From the Napoleon wars, French enjoyed higher power and prestige then Dutch. Later on, Dutch knew some glory days under the reign of the Dutch king who imposed it on whole Belgium and the other parts of his Netherlands Kingdom. French regained its power and prestige with Belgium independence in 1830. French monopoly in the official and social spheres was seen by the Belgian elite as a national unitary factor. This situation, however, didn’t suit the Flemish who militated and got the right to use their language in primary schools in 1883. The Flemish language replaced French in Ghent University in 1894. As a solution to this linguistic conflict that went on during the 20th century, Karra (2007) mentioned the government chose to divide the country into three ‘language frontiers’:
1- a French part in the South
2- a Flemish part in the North
3- a bilingual part in Brussels .
The Canadian case
Canada was originally a French speaking country under the French crown. It had, however, known a growing English speaking community under the English crown after the Indian Wars in 1760 to the point of outnumbering the French speakers in the subsequent years. With the need to choosing a national language for the new Canadian Confederation in 1867, the language conflict between the two communities started, tearing the country between the French speaking Québécois and the English speaking group in the other part of the country. The Charter of the French Language of 1977 represents an aspect of the ‘official bilingualism’ solution that Canada adopted to solve the language conflict so pervasive in its modern history (Noel, 2010).
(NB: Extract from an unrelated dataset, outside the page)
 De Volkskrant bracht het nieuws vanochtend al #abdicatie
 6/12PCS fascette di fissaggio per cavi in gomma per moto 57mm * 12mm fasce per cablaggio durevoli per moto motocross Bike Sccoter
In the ‘Third World’, on the other hand, Calvet (1974) argued that language conflict cannot be attributed to multilingualism alone but also to the post-colonial sociolinguistic heritage raised many instances of language conflict. This observation seems to be very pertinent. Most of linguistic troubles in Third World countries incorporate the former colonial language in them.
The Algerian case
Being a multilingual country and a former French colony, Algeria cannot be an exception to the havocs of language conflict spread all over the world.
In fact, the sociolinguistic situation in Algeria is characterised by the existence of four main languages: SA, AA, B and F. AA and B have many varieties. Sociolinguistic phenomena such as code switching, code mixing and borrowing are also omnipresent because of the long contact between these languages.
This view is shared by most of the scholars who studied the sociolinguistic situation in Algeria, including two Algerian prominent specialists on the matter: Bouamrane (1986) and Taleb Ibrahimi (1995). Although some researchers claim that the number of languages in Algeria exceeds twenty (Boukli, 2006), all the researchers agree that the above four languages are the main ones in Algeria. They also recognise the existence of a state of language conflict in Algeria.